Problem. Give back each line of the material that contains the word "recommend".

--- The data Enclosed Below ---

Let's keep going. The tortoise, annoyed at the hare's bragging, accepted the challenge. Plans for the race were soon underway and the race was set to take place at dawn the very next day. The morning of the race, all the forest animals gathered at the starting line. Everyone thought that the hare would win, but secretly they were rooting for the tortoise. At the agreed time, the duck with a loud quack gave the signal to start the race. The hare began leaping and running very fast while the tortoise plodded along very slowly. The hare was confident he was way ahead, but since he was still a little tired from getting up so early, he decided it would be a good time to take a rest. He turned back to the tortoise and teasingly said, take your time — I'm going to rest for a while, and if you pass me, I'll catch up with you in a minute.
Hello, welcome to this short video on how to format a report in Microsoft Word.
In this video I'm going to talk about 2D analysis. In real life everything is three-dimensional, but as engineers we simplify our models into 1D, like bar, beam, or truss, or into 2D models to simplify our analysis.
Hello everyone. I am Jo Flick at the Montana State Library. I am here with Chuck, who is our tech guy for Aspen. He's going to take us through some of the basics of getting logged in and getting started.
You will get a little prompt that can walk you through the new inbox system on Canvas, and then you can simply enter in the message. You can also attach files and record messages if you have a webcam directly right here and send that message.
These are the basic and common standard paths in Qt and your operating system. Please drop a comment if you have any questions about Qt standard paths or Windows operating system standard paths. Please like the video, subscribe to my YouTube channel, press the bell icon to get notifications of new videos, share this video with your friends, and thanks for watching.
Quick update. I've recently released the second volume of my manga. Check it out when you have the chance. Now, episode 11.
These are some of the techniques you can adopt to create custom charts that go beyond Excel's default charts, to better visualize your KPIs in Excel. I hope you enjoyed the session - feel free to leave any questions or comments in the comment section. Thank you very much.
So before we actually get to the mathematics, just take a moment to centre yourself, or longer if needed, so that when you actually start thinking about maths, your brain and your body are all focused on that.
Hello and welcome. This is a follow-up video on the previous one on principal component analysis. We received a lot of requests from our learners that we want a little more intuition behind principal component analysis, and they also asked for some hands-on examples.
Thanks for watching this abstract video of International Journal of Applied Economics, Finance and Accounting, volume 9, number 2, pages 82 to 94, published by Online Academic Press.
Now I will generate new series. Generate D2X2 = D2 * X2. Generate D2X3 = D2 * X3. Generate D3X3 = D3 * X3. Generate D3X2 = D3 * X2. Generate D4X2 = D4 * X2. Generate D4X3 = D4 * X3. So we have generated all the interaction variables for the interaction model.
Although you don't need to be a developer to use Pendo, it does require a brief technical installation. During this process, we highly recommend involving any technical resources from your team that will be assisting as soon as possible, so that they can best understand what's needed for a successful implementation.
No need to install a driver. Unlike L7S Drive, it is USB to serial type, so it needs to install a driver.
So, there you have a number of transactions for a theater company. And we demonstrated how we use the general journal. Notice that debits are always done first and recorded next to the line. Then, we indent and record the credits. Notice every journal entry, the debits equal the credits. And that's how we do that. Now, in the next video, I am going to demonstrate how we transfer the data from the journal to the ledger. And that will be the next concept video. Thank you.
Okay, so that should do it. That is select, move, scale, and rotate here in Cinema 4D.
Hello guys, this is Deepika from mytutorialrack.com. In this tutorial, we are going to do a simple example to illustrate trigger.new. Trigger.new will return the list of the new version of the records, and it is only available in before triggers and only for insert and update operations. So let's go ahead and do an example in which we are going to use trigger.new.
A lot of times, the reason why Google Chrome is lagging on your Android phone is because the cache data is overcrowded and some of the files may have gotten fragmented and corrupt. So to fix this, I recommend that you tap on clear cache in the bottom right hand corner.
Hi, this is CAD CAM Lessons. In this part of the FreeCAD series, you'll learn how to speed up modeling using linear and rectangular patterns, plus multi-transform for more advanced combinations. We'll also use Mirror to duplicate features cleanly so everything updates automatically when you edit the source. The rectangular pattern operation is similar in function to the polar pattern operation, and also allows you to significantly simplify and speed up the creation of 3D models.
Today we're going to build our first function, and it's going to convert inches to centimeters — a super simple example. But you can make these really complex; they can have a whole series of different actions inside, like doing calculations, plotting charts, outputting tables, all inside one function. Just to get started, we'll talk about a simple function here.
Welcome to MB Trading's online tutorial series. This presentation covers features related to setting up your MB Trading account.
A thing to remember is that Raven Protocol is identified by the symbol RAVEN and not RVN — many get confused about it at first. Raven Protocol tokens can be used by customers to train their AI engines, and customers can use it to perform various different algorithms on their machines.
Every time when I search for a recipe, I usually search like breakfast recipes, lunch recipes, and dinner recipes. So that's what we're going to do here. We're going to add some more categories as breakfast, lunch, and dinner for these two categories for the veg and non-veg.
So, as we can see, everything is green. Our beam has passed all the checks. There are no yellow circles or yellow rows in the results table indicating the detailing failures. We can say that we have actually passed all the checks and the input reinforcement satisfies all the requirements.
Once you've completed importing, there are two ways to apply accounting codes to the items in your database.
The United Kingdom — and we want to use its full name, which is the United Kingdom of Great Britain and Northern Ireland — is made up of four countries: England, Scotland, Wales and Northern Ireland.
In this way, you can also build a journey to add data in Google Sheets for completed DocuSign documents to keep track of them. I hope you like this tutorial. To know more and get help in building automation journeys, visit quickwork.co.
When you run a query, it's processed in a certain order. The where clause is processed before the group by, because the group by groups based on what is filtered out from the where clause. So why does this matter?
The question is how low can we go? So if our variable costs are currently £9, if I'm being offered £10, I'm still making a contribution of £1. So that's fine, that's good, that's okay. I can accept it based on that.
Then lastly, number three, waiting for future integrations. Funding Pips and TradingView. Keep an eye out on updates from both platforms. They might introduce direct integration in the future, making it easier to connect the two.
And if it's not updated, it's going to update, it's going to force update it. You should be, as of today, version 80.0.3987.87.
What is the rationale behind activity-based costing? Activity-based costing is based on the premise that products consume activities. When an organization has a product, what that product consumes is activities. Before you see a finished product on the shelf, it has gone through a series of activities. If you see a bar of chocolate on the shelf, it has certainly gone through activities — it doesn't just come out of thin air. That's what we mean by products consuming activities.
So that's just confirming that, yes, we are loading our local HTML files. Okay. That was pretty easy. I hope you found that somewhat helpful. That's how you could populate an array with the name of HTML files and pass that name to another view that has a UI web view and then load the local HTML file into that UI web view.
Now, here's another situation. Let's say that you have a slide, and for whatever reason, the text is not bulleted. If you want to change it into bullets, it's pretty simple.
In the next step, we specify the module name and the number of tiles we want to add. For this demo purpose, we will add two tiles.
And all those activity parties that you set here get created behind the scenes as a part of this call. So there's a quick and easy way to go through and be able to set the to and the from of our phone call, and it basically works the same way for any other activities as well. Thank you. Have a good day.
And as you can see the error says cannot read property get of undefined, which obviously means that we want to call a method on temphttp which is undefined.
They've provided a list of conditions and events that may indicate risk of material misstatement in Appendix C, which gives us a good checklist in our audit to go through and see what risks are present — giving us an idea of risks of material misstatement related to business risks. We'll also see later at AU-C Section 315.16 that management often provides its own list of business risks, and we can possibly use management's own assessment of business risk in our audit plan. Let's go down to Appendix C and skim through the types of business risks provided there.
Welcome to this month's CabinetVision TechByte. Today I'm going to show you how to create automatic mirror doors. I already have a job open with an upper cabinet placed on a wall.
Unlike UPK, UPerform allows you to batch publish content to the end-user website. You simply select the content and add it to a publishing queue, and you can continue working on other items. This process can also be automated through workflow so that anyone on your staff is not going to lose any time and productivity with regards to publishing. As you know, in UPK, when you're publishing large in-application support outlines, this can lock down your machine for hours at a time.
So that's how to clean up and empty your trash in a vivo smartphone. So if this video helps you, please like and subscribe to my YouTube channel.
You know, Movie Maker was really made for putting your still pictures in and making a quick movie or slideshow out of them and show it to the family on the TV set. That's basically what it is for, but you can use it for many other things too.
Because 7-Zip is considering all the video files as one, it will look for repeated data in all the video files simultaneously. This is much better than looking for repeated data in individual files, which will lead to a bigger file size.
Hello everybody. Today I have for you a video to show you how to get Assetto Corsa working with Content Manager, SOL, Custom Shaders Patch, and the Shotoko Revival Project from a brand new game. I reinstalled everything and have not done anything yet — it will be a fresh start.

--- End of Enclosed The data ---

Reply to the exercise.
Although you don't need to be a developer to use Pendo, it does require a brief technical installation. During this process, we highly recommend involving any technical resources from your team that will be assisting as soon as possible, so that they can best understand what's needed for a successful implementation.
A lot of times, the reason why Google Chrome is lagging on your Android phone is because the cache data is overcrowded and some of the files may have gotten fragmented and corrupt. So to fix this, I recommend that you tap on clear cache in the bottom right hand corner.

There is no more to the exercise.